Exercise: Return all the entries. Match them word for word.

Extracted data entries
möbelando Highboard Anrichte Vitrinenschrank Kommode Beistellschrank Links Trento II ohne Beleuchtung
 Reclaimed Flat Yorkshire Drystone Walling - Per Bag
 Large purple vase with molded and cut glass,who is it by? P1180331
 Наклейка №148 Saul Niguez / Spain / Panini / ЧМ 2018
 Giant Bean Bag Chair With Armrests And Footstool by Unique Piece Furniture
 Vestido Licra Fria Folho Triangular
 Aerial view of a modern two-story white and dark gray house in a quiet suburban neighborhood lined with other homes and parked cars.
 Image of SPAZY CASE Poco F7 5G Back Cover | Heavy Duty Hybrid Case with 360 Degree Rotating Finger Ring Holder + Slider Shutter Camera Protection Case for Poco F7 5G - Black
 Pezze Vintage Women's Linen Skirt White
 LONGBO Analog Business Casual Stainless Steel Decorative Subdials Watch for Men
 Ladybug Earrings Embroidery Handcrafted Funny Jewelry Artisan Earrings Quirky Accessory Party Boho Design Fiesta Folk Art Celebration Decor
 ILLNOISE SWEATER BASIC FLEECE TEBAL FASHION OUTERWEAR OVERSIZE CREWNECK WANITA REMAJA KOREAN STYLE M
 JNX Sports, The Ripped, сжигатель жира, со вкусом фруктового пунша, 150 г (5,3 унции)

Task response:
möbelando Highboard Anrichte Vitrinenschrank Kommode Beistellschrank Links Trento II ohne Beleuchtung
 Reclaimed Flat Yorkshire Drystone Walling - Per Bag
 Large purple vase with molded and cut glass,who is it by? P1180331
 Наклейка №148 Saul Niguez / Spain / Panini / ЧМ 2018
 Giant Bean Bag Chair With Armrests And Footstool by Unique Piece Furniture
 Vestido Licra Fria Folho Triangular
 Aerial view of a modern two-story white and dark gray house in a quiet suburban neighborhood lined with other homes and parked cars.
 Image of SPAZY CASE Poco F7 5G Back Cover | Heavy Duty Hybrid Case with 360 Degree Rotating Finger Ring Holder + Slider Shutter Camera Protection Case for Poco F7 5G - Black
 Pezze Vintage Women's Linen Skirt White
 LONGBO Analog Business Casual Stainless Steel Decorative Subdials Watch for Men
 Ladybug Earrings Embroidery Handcrafted Funny Jewelry Artisan Earrings Quirky Accessory Party Boho Design Fiesta Folk Art Celebration Decor
 ILLNOISE SWEATER BASIC FLEECE TEBAL FASHION OUTERWEAR OVERSIZE CREWNECK WANITA REMAJA KOREAN STYLE M
 JNX Sports, The Ripped, сжигатель жира, со вкусом фруктового пунша, 150 г (5,3 унции)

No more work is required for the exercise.